TASK GOAL: Please set down, with no changes, every line of the material below from the one containing "天空茶树和茶园里的农民时光流逝" through the end. Skip the pictures.

# # # #

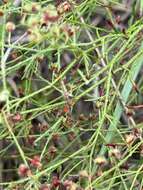 Image of San Saba pinweed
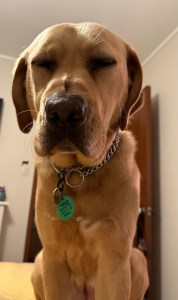 Guide Dog Sienna a golden lab retriever trying to wake me up at 0430.  By sitting over me and looking down.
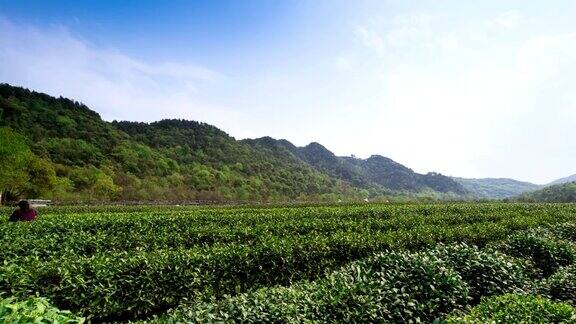 天空茶树和茶园里的农民时光流逝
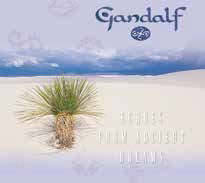 Echoes From Ancient Dreams - Gandalf - Musique - ULTRAVYBE - 4526180633075 - 23 décembre 2022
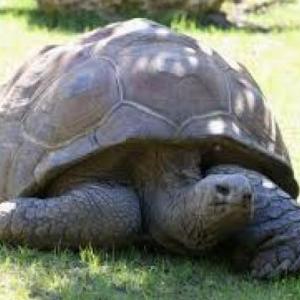 Imagen de portada del videojuego educativo: La tortuga Gigante, de la temática Literatura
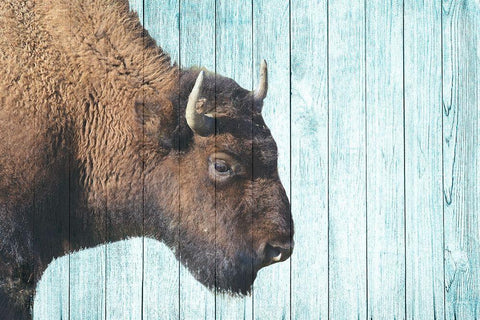 Bison Trail Black Ornate Wood Framed Art Print with Double Matting by Phillip, Jamie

# # # #

ANSWER FOR THE TASK:
 天空茶树和茶园里的农民时光流逝
 Echoes From Ancient Dreams - Gandalf - Musique - ULTRAVYBE - 4526180633075 - 23 décembre 2022
 Imagen de portada del videojuego educativo: La tortuga Gigante, de la temática Literatura
 Bison Trail Black Ornate Wood Framed Art Print with Double Matting by Phillip, Jamie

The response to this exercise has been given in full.